= John Seddon (Unitarian) =

English Unitarian minister

John Seddon (1719–1769) was an English Unitarian minister.

==Life==
The son of Peter Seddon (1689–1731), dissenting minister at Penrith, Cumberland (1717–19), and Cockey Moor in the parish of Middleton, Lancashire (1719–31), he was born in 1719 at Lomax Fold, Little Lever, in the parish of Bolton, Lancashire. On his father's death, Seddon's education was undertaken by the congregation of Cross Street, Manchester. He was at Stand Grammar School under William Walker; then at the Kendal Academy (entered 1733) under Caleb Rotheram; and at Glasgow University from 1739, where he was a pupil of Francis Hutcheson. He is said to have graduated M.A., but of this there is no record.

On leaving Glasgow, he became assistant at Cross Street to Joseph Mottershead, and was ordained on 22 October 1742. He was a preacher of facility and power, and pursued an independent line in theology.
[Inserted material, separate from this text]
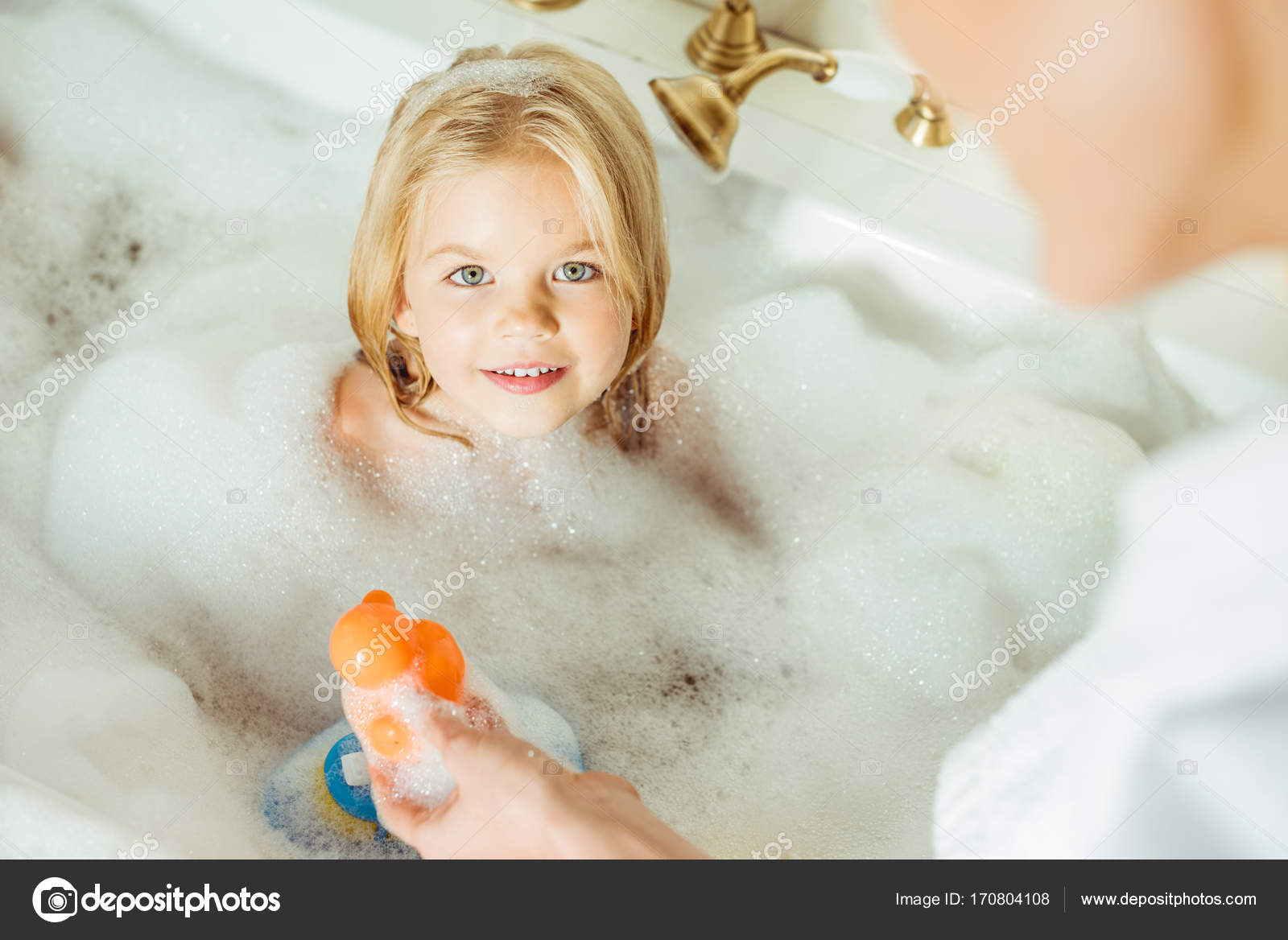 Daughter bath. Дочка в ванной. Маленькая дочурка в ванной. Дочка ванна.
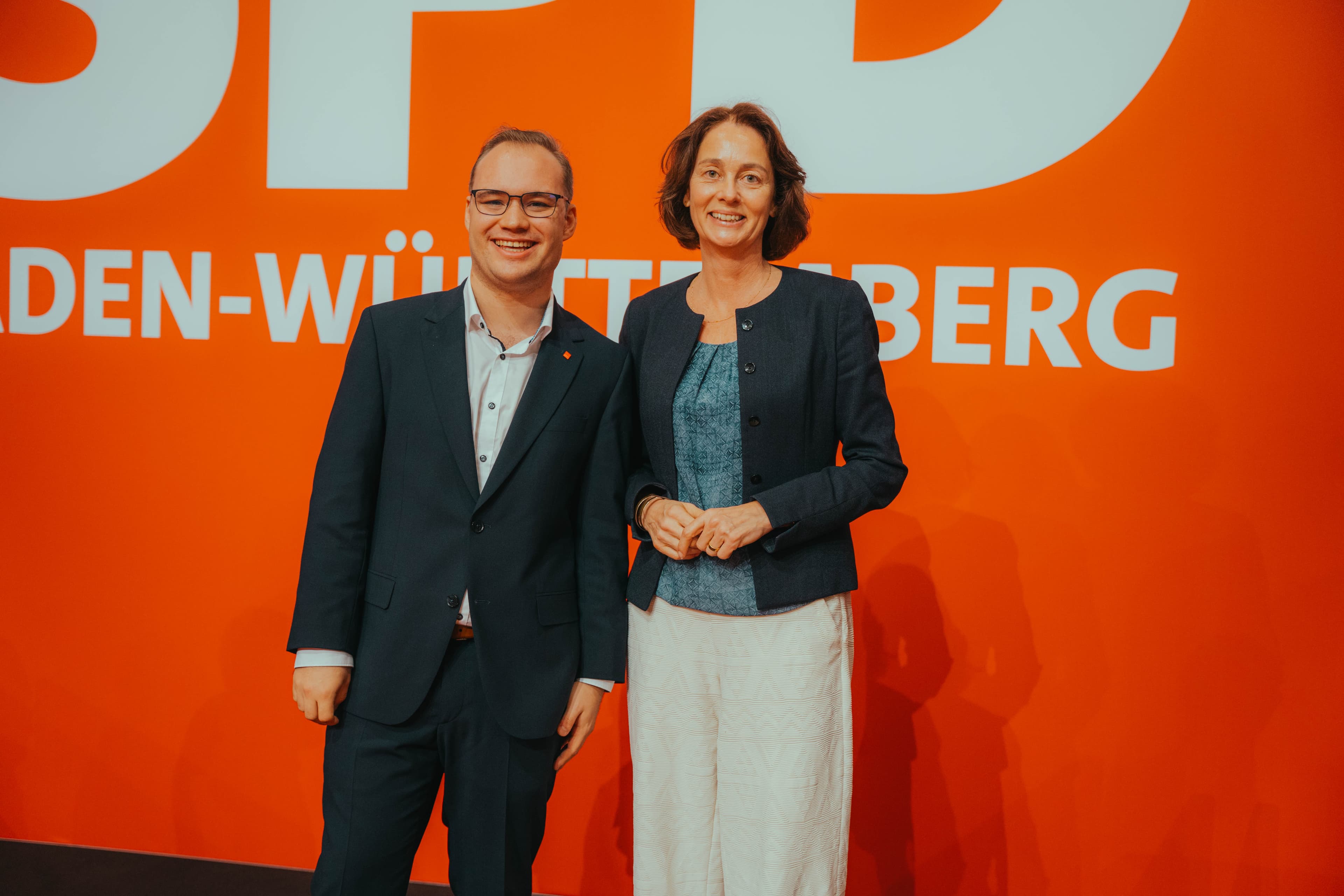 Davis Riedel mit Katarina Barley beim Landesparteitag der SPD Baden-Württemberg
Joseph Priestley, when at Warrington (1761–8), speaks of Seddon as "the only Socinian in the neighbourhood".

Seddon advocated the doctrine of the simple humanity of Christ. He embodied his views in a series of six sermons, of which the first was preached on 27 May 1761. A contemporary account describes the excitement produced by his utterances; his outspokenness won for him increased respect, though he made few converts. The sermons were not published till 1793. They anticipated the historical argument of Priestley.

Seddon lived on good terms with neighbouring clergy, especially with John Clayton, the Jacobite.

After a long illness, Seddon died on 22 November 1769, and was buried in Cross Street Chapel. His library was sold on 26 February 1770.

==Family==
He married, in 1743, Mottershead's eldest daughter, Elizabeth (died 1765), and left a son, Mottershead Seddon.

The preacher John Seddon of Warrington (1725–1770), with whom he is often confused, is said to have been a second cousin.

==Works==
He edited, with preface, The Sovereignty of the Divine Administration, &c., 1766, by Thomas Dixon (1721–1754). His Discourses on the Person of Christ, Warrington, 1793, were edited with An Account of the Author, by Ralph Harrison, at the suggestion of Joshua Toulmin.